Critics say Canada shouldn’t have taken Humpback Whales off the Endangered Species List

VICE Magazine

By David P. Ball Apr 28 2014

The Canadian government’s announcement that it’s knocking humpback whales off its endangered species list has critics pulling their “Save the whales!” signs from the 1980s out of storage.

While the decision to remove the marine giants—known for their amazing group air-bubble fishing and haunting long-distance singing—from the list may sound like positive news, it coincidently comes only months ahead of a final decision on the widely despised Enbridge Northern Gateway pipeline—an $8-billion proposal that has already faced a lawsuit alleging possible oil spills and tanker accidents would endanger threatened species.

One of those species named in the suit is the humpback, an animal that faces less protection now that it’s been downgraded from “threatened” to “special concern status.” The move has many whale scientists scratching their heads—even one who sat on Canada’s Committee on the Status of Endangered Wildlife (COSEWIC), the government-appointed “independent” body whose data on whale populations was used to change the classification.

That particular Washington State expert is research biologist John Calambokidis—whose 30 years of research was cited repeatedly in the Department Fisheries and Oceans own humpback recovery plan just last year.
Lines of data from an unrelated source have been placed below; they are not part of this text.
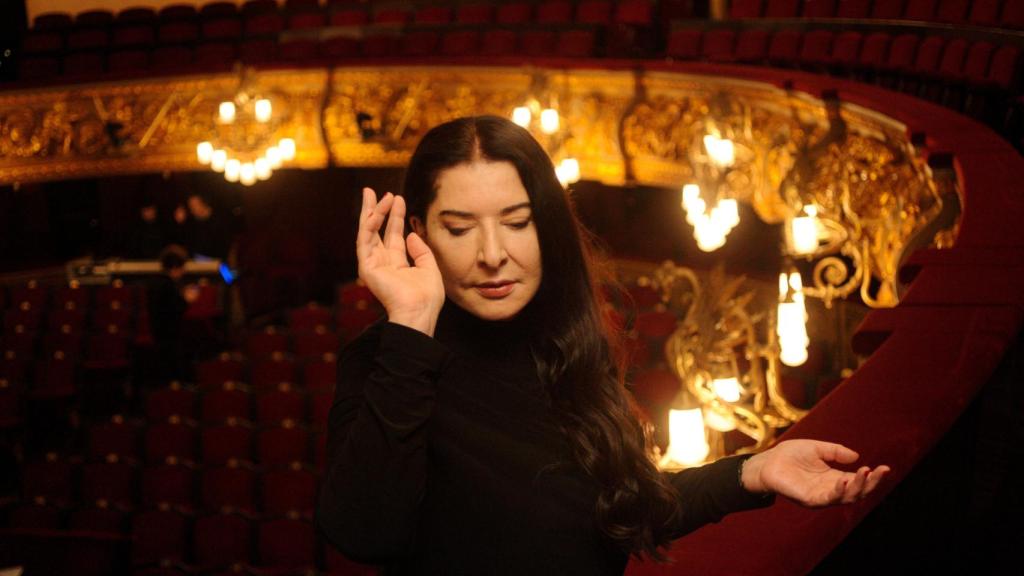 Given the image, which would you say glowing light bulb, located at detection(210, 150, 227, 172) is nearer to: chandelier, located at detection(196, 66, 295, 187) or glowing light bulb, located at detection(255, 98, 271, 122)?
chandelier, located at detection(196, 66, 295, 187)

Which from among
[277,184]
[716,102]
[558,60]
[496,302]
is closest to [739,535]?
[496,302]

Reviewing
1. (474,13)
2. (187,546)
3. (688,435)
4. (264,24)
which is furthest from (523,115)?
(264,24)

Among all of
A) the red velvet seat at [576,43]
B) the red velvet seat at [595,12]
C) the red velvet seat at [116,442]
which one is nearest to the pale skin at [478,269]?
the red velvet seat at [116,442]

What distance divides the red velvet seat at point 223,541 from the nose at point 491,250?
132 inches

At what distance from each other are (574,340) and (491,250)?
122mm

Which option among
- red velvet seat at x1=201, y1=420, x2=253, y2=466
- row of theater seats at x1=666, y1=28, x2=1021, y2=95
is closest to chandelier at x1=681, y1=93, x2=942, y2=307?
row of theater seats at x1=666, y1=28, x2=1021, y2=95

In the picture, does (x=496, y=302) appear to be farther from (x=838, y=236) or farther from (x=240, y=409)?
(x=240, y=409)

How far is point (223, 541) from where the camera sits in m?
4.06

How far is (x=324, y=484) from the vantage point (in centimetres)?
86

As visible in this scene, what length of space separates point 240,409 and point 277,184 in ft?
15.8

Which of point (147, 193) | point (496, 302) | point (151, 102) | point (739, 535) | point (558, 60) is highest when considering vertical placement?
point (496, 302)

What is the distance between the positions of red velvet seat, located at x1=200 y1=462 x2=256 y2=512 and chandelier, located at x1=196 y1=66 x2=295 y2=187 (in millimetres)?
3351

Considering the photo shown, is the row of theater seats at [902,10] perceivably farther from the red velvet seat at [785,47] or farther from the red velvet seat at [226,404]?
the red velvet seat at [226,404]

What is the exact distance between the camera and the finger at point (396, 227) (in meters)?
0.92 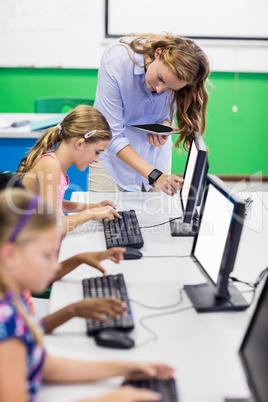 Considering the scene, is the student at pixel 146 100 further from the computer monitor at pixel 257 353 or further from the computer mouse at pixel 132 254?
the computer monitor at pixel 257 353

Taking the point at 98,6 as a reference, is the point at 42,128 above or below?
below

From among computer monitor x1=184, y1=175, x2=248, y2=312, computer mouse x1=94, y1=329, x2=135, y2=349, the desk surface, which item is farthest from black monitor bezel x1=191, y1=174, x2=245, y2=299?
the desk surface

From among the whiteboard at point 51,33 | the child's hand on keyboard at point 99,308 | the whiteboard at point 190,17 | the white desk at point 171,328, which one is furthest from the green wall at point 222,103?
the child's hand on keyboard at point 99,308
He told me he disagreed with the decision, and was baffled as to why the committee decided to ignore “very strong” evidence of at least two distinct whale sub-groups…

“The decision by the federal government is politically motivated,” said Misty MacDuffee, a marine biologist of 15 years, “but they’re able to hide behind COSEWIC. They made their 2011 decision in the middle of Northern Gateway hearings. We’re halfway [to where populations once were], but we’re going to make a decision now when we know that stressors on the population are going to increase?”…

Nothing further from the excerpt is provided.